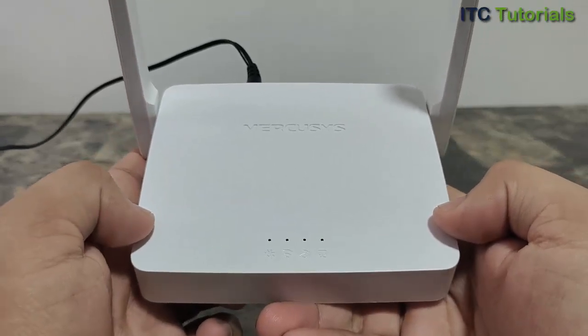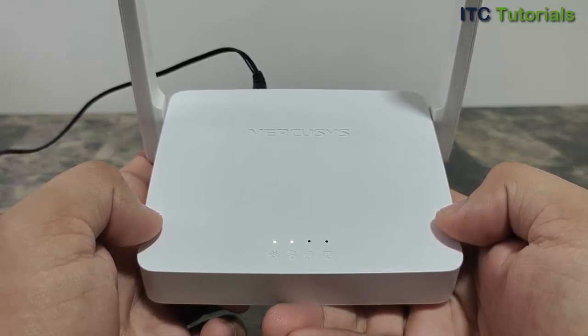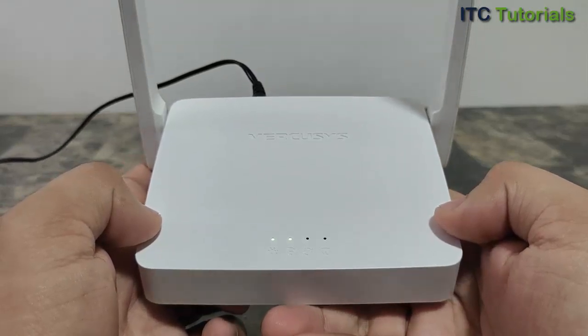That's it guys — that's how to reset a Mercasys router to factory default settings. You can watch our other video tutorials on how to configure it again.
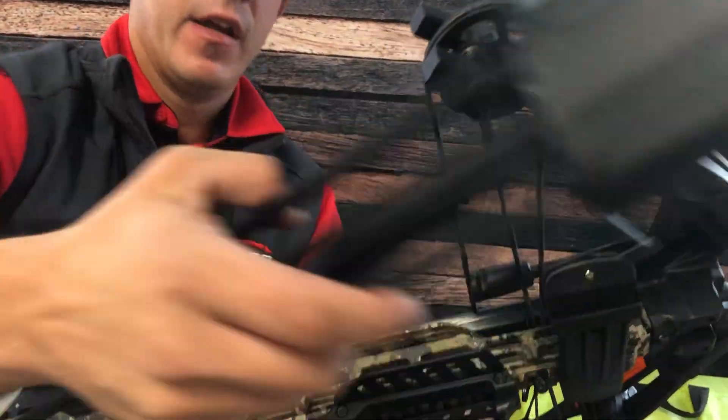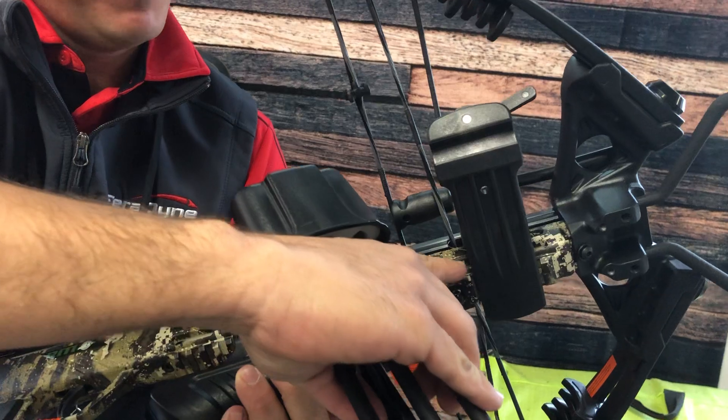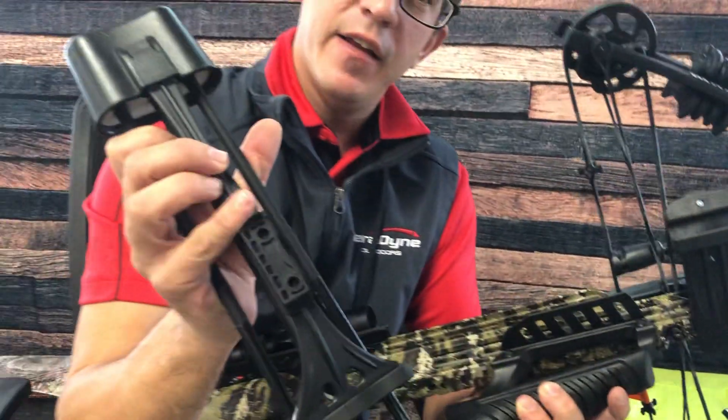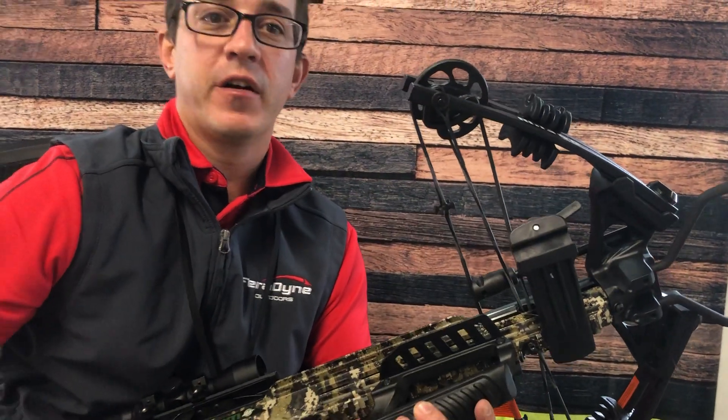You just unhook the bracket, and if you want to flip it over, there are bolts in here to remove to flip it over — this just needs a small Phillips screwdriver. Turn that around and you can rotate it to either side for your convenience. That's the new Rocky Mountain side quiver.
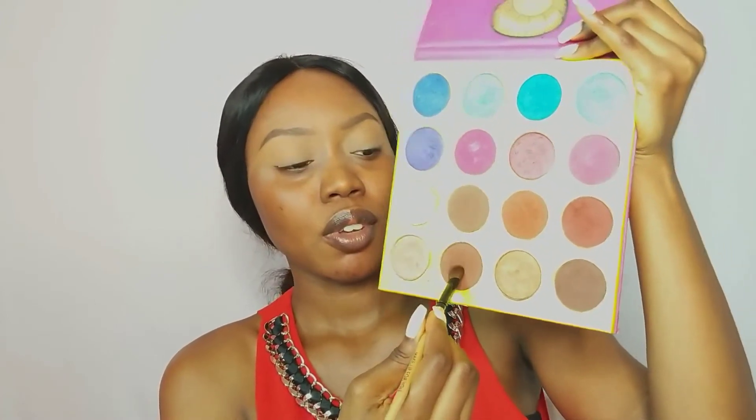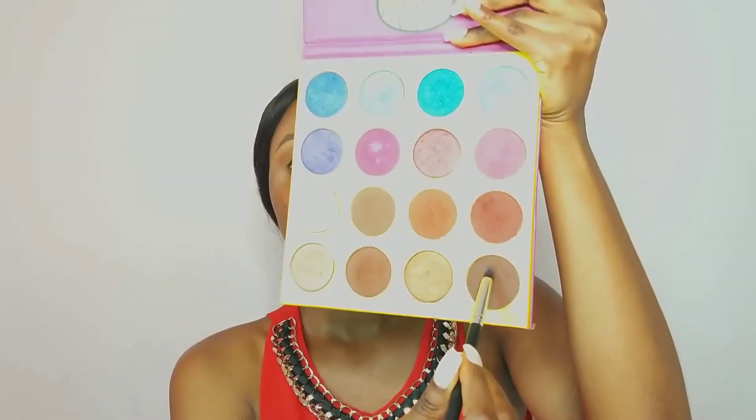Now that we've primed our eyes, the next thing is to set that concealer with a powder. I'm going to use my Milani pressed powder — you can use your setting powder, but I feel like using pressed powder today. When applying eyeshadow, you want to start lightly and build up; that applies to makeup generally. I'm placing this color exactly where I want to cut my crease because I want that area to be darker — it gives depth — so I'm keeping it around my crease.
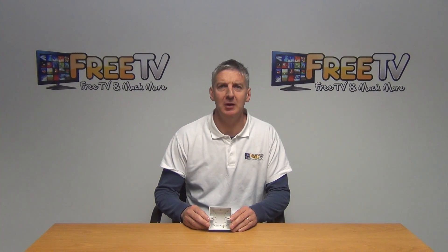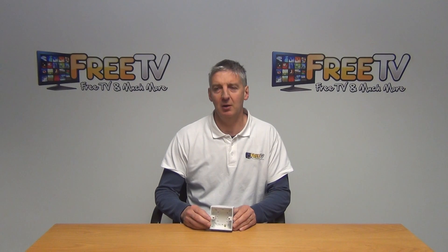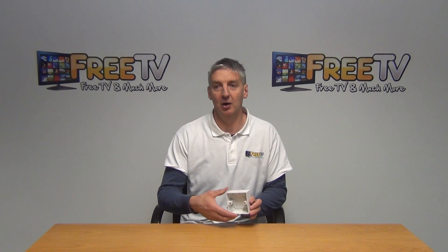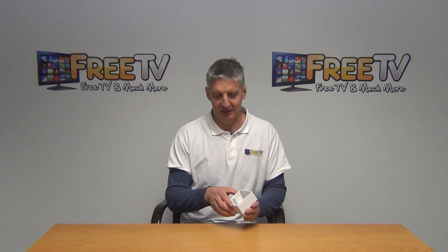Hi, I have in my hand the 32mm surface mounted Patras box. It's a one gang. Basically, the idea of this is that we're coming along and we're trying to put in a box afterwards on a wall, and it's going to be surface mounted — so it's not being buried into the wall itself.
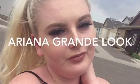Hello guys! It's me, Lenny, and today I decided that I would do this Ariana Grande inspired look. I am so excited for this, guys. I really liked how this turned out and I'm just really excited, so if you want to see how this look turned out, then please keep watching.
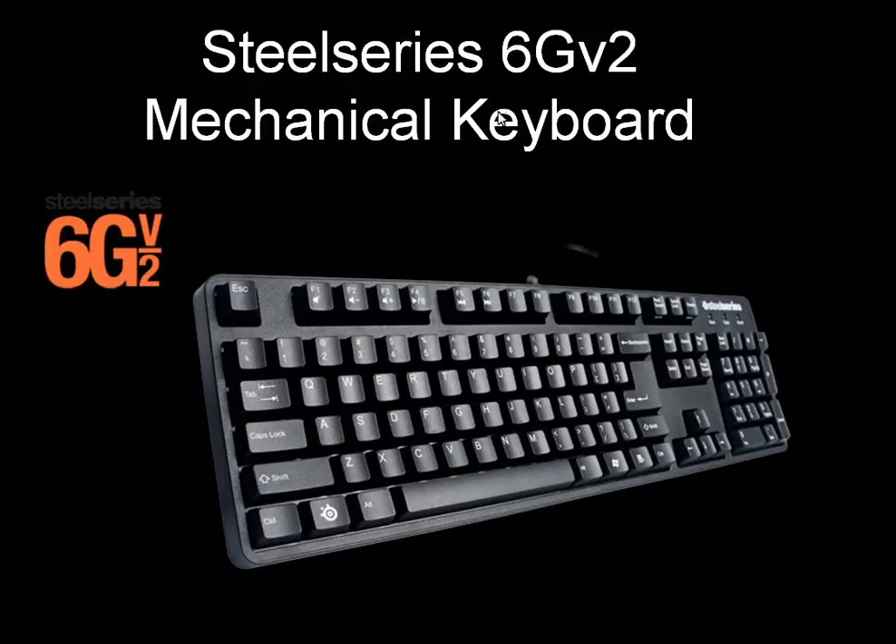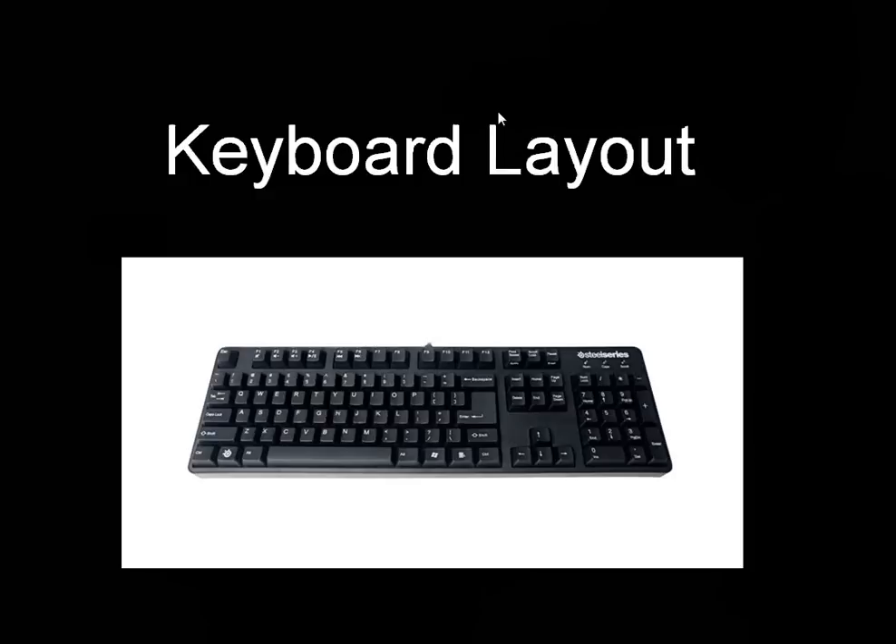Hello everyone, this is Krota giving you a review on the SteelSeries 6G V2 mechanical keyboard, then going into keyboards in general, their switches, and basic design. A couple people had asked me what I thought of mechanical keyboards and if I had any reviews or thoughts on them. To be honest, I had never really tried using a mechanical keyboard, so I talked to SteelSeries, met a couple representatives, and said I want to figure out what the craze behind mechanical keyboards is and what makes them better.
_ _ _ _
-- What you have to do --
What you return should be only the exact lines from the top of the entries through the line with "You just unhook", minus the pictures.

-- Written answer --
That's it guys — that's how to reset a Mercasys router to factory default settings. You can watch our other video tutorials on how to configure it again.
You just unhook the bracket, and if you want to flip it over, there are bolts in here to remove to flip it over — this just needs a small Phillips screwdriver. Turn that around and you can rotate it to either side for your convenience. That's the new Rocky Mountain side quiver.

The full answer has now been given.